Oslo saw the right of return, the question of Palestinians who reside in the 1948 territories seized by Israel and a host of other issues relegated to ‘final status’ negotiations which never transpired. Without a whimper from the bourgeois collaborationist PA, which fortified its European-funded security complex in the West Bank, Israel built hundreds of thousands of colonial settlements and launched murderous onslaughts upon Palestinians and Lebanese, beaten back by the grassroots resistance and armed actions of non-Oslo groups.

The Masar Badil conference brought together the Samidoun prisoner solidarity campaign, supporters of the Popular Front for the Liberation of Palestine (PFLP) and leftists involved in anti-imperialist and anti-capitalist campaigning in Europe and North America; parallel events took place in Lebanon and Brazil. In an opening discussion on what principles are needed by a new popular movement, Palestinian contributors spoke about emulating the socialist solidarity offered by Cuba to the South African anti-apartheid struggle and by the Soviet Union to the Algerian resistance to French imperialism. An RCG supporter was warmly received for the organisation’s history of solidarity with the Irish movement and for pointing to the reactionary role of European social democratic forces in attacking anti-Zionism as ‘antisemitism.’

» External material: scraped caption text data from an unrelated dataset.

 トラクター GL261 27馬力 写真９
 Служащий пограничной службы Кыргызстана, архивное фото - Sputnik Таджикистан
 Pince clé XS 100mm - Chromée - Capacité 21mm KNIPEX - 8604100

Samidoun coordinator Charlotte Kates spoke of the post-1967 Palestinian revolution as capturing world attention. While recognising that ‘it’s 2021, not 1971,’ she highlighted a theme picked up by others, that Palestine solidarity and Boycott, Divestment and Sanctions (BDS) campaigning are monopolised by the Boycott National Committee in Ramallah, which has recently attacked Samidoun. Activist Mohammed Khatib said that ‘slogans like Free Palestine are not enough’ and his call for an alternative movement, ‘for a boycott of the Zionist state’ was taken up by the conference. Conference coordinator Khaled Barakat called for links to be built with the militant boycotts of Israel taking place in Egypt, Lebanon and Tunisia, while others called for the revolutionary legacy of the boycott to be rediscovered.

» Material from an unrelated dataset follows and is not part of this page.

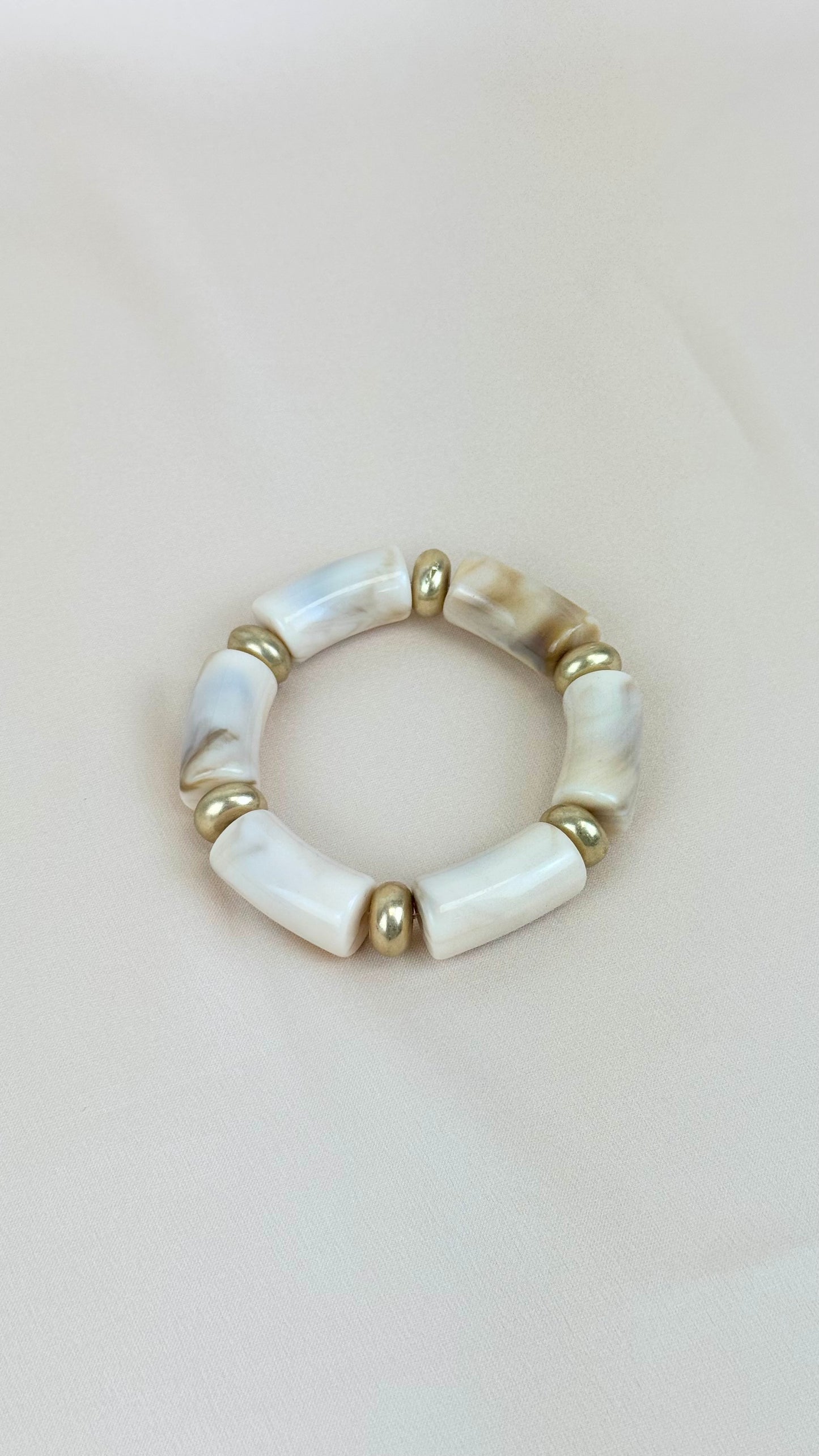 Pulseira fina elástica em acrílico pérola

Alongside the launching of boycott campaigns, the conference agreed to push for resistance and the leading role of the prisoners to be put at the centre of protests, with Khatib demanding that ‘we make it clear to our people in exile that we have no relationship to the Oslo Authority and the Oslo Embassies.’ Part of the Masar Badil perspective reflects the harsh realities faced by impoverished refugees in hostile European environments. Musician Reem spoke against the Fatah-connected Palestinian community organisations that organise self-congratulatory events and promote their own businesses, while ‘offering nothing to the youth and the poor.’ Some attendees came from Sweden, where Palestinian refugees have been forced into destitution by a pro-Zionist and anti-immigrant government of Swedish Social Democrats, sister party to Britain’s Labour Party. Masar Badil plans to set up social centres in Germany and Greece, where Palestinian refugees are concentrated, to inject revolutionary politics, while providing spaces for education, culture and childcare.

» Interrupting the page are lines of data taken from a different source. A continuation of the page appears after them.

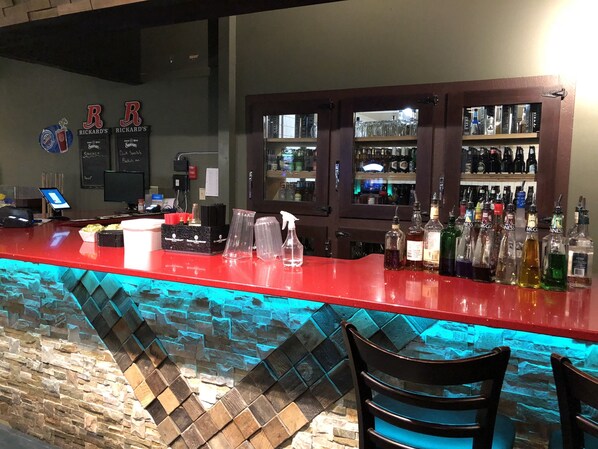 Serves lunch, dinner, and happy hour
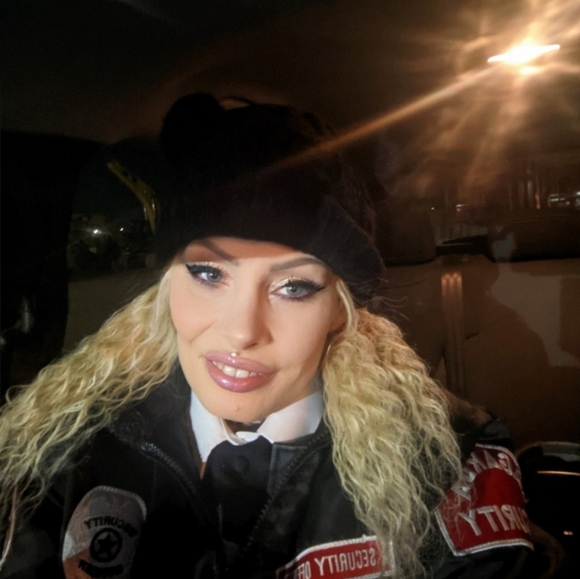 Meet your Posher, Ktina - Picture 4 of 4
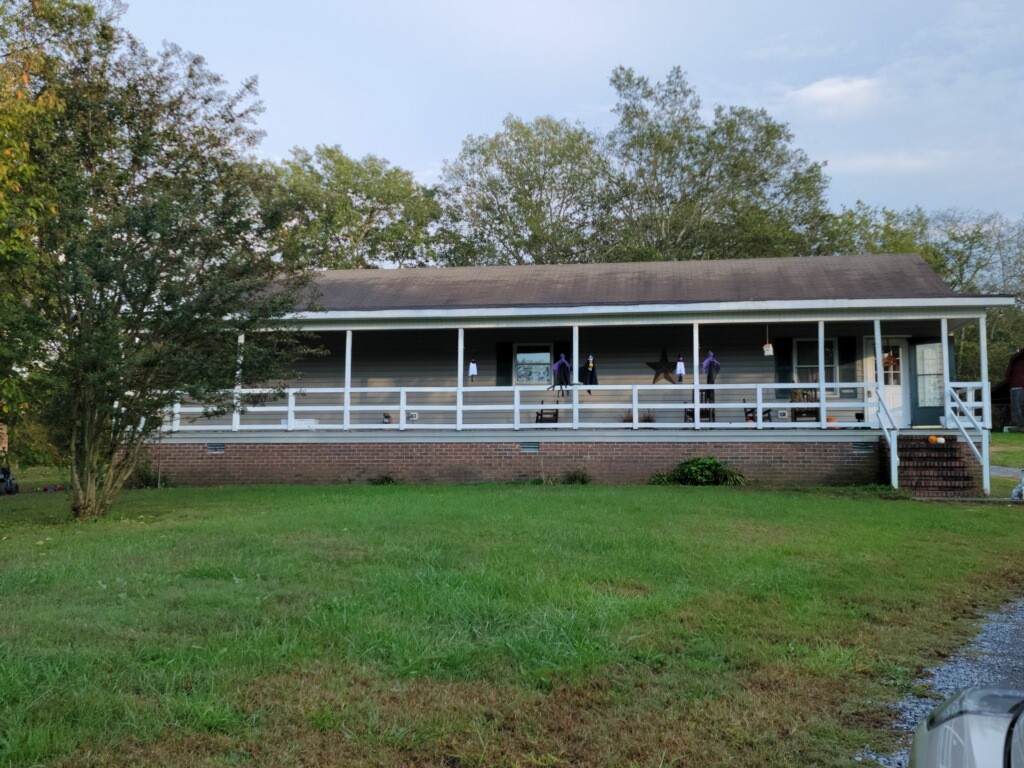 268 Hilltop Rd - Photo 1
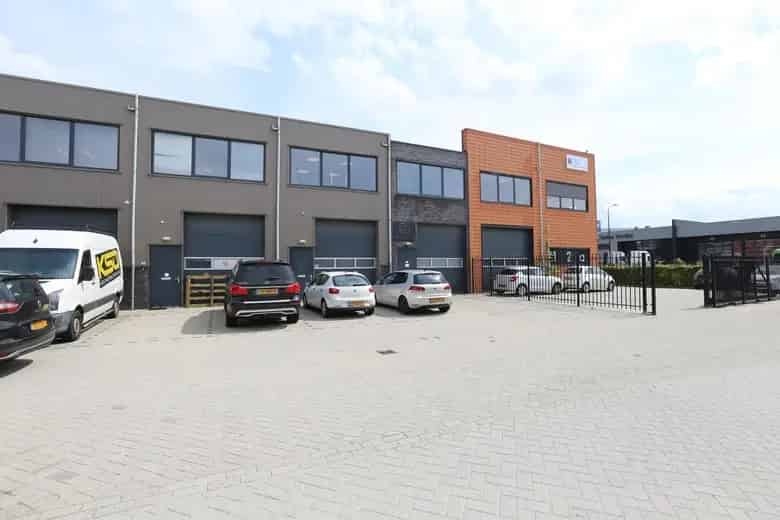Bedrijfsruimte te koop Alblasserdam 118m2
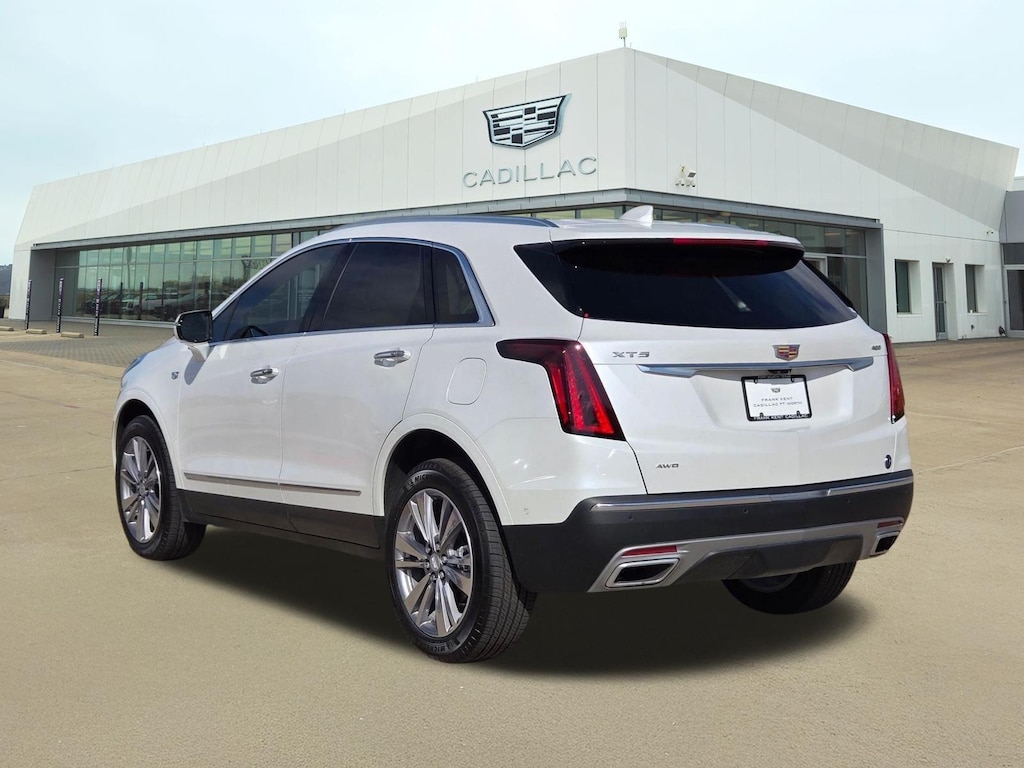 New 2026 CADILLAC XT5 Premium Luxury SUV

In aiming to shift the balance of power from the privileged PLO leadership’s failed strategies of ‘negotiations’ and wholesale concessions to Zionism, Masar Badil organisers draw on the Marxist legacy of Ghassan Kanafani, who called for ‘new blood’ in the wake of the 1967 Arab defeat. Veteran blogger Rima Najjar, who attended the conference, compared the approach to a ‘fresh breeze coming from an unpolluted environment.’ At a time when British Tory and Labour politicians continue to back the Zionist state and wage class war on the masses at home, we all need the alternative path of revolutionary resistance.

From the river to the sea – Palestine will be free! Isolate the Zionist state!

Free all political prisoners of Zionism and imperialism!

 

[1]     ‘Israel/PLO Agreement: The Great Betrayal’, Eddie Abrahams, FRFI 115, October/November 1993.